Folks near John Wayne Airport have tried lawsuits and other methods to get the noise reduced in their neighborhoods, the article reports. Unfortunately for residents around El Toro, most of the advice John Wayne residents have to give is of the "Grin and bear it" sort, as resident Peter Andrews put it.
According to the article, about 125 residents around John Wayne have taken advantage of the Orange County Acoustical Insulation Program. Andrews said that when he and his wife moved in in 1964 they were told by the county Planning Commission that there were no plans to make John Wayne a commercial airport. When commercial flights started, and the airport began to expand, Andrews and his neighbors fought and lost three separate lawsuits. Other neighbors sold their homes to the county and left. Andrews stayed and took advantage of the insulation program. The program provides as much as $38,500 per home for improvements designed to curtail noise.
Kathleen Campini Chambers, spokesperson for John Wayne Airport and the El Toro project, said no such program is planned for El Toro, the article reports. Chambers said the number of residences affected would be smaller, and the commercial buffer zone would be much larger at El Toro, reducing the need for such a program. However, the article reports the Board of Supervisors has left the possibility open for study.

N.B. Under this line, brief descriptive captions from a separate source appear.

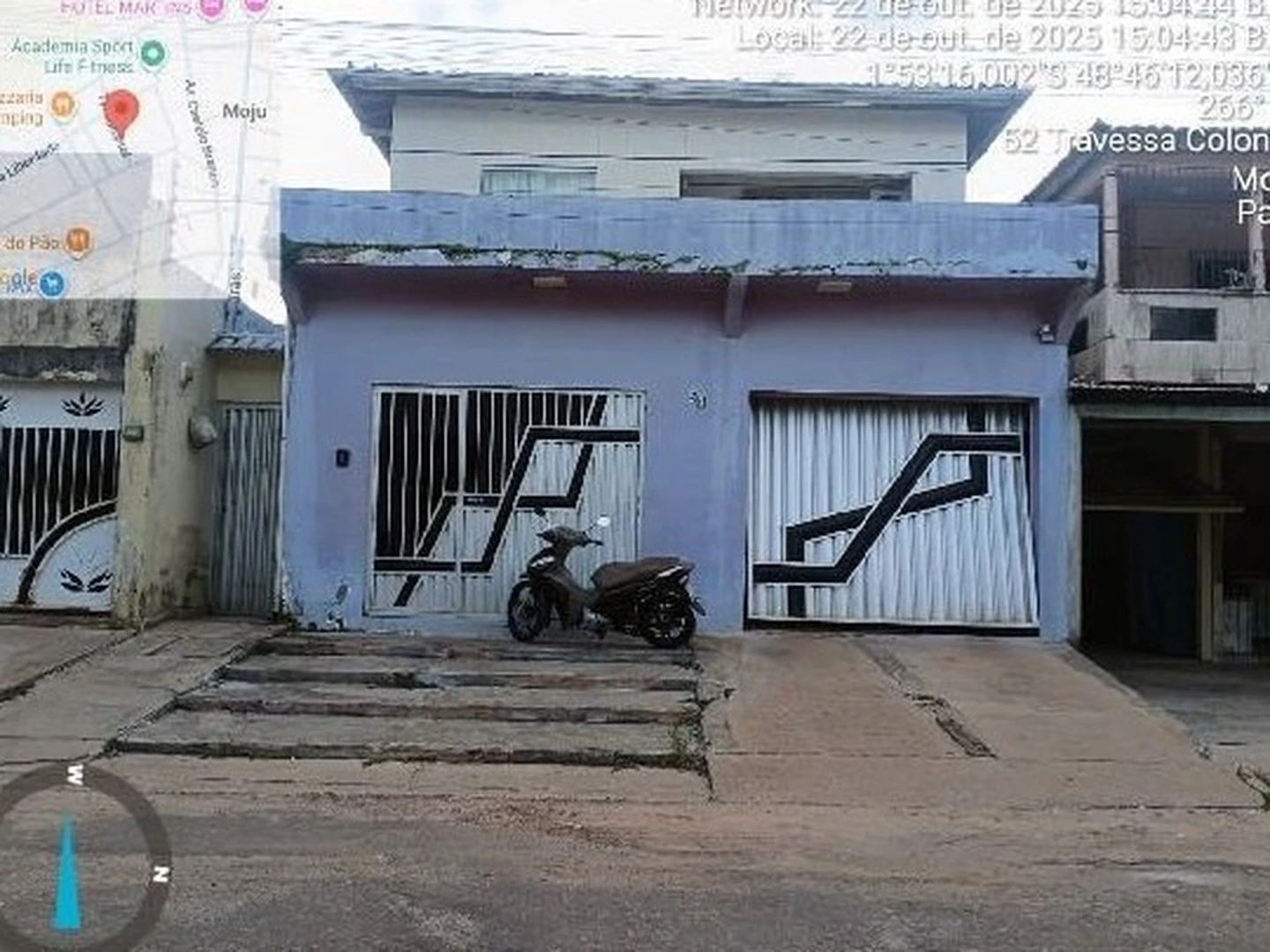 Casa - Moju, PA - foto 1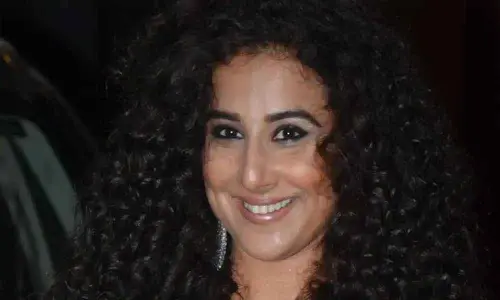 Vidya Balan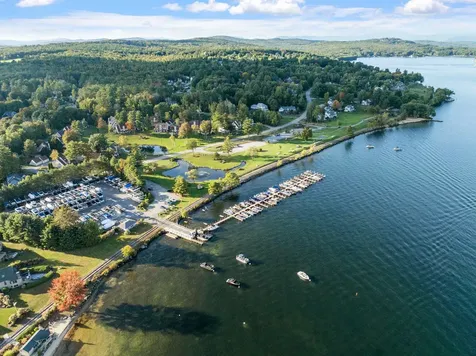 Lot 1 Clover Lane Laconia NH 03246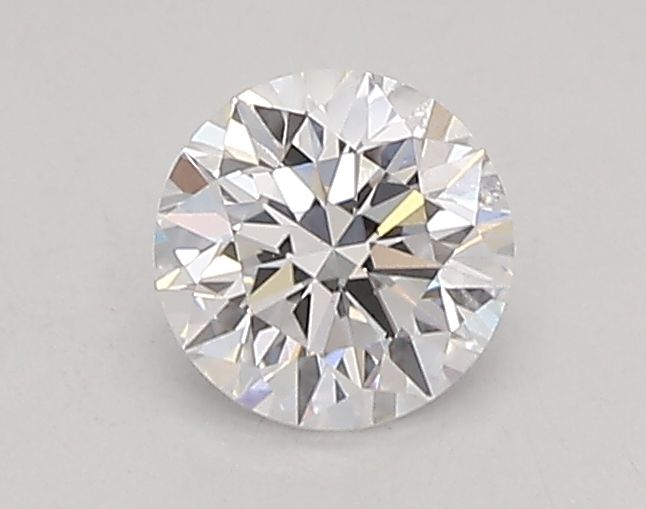 0.37 ct lab-grown Round Diamond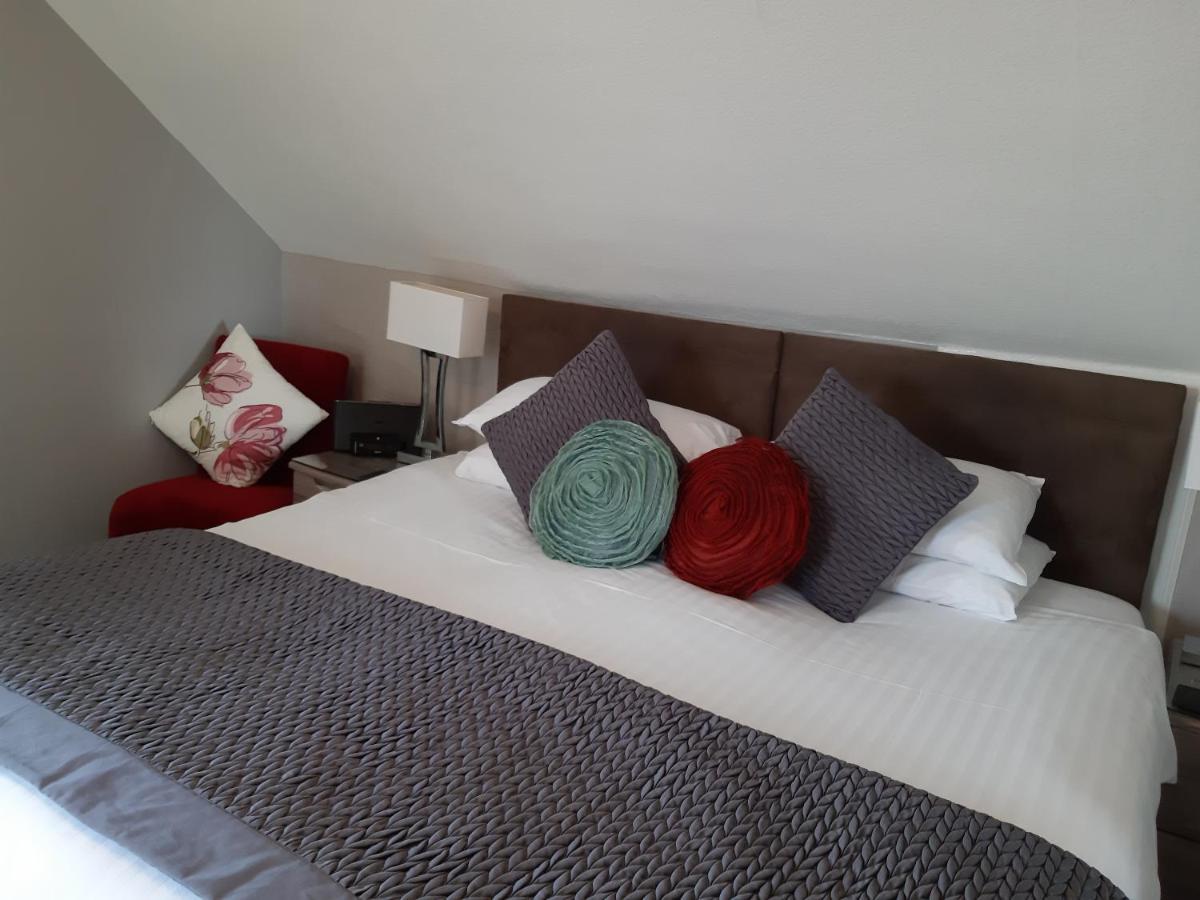 The Spindrift Guest House Anstruther Bagian luar foto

Residents around John Wayne voted overwhelmingly for the new El Toro project, the article reports. "You can't block progress. Orange County needs that airport," Ed Hall said. "Those people down there don't want life to change," added Arlene Hall. "Well, nothing ever stays the same. Young people need jobs, businesses in the county need those flights."
Solutions are limited, said Andrews. The best the El Toro residents can hope for in his opinion is to "insulate," the article reports. "Get them to give you an acoustic abatement program."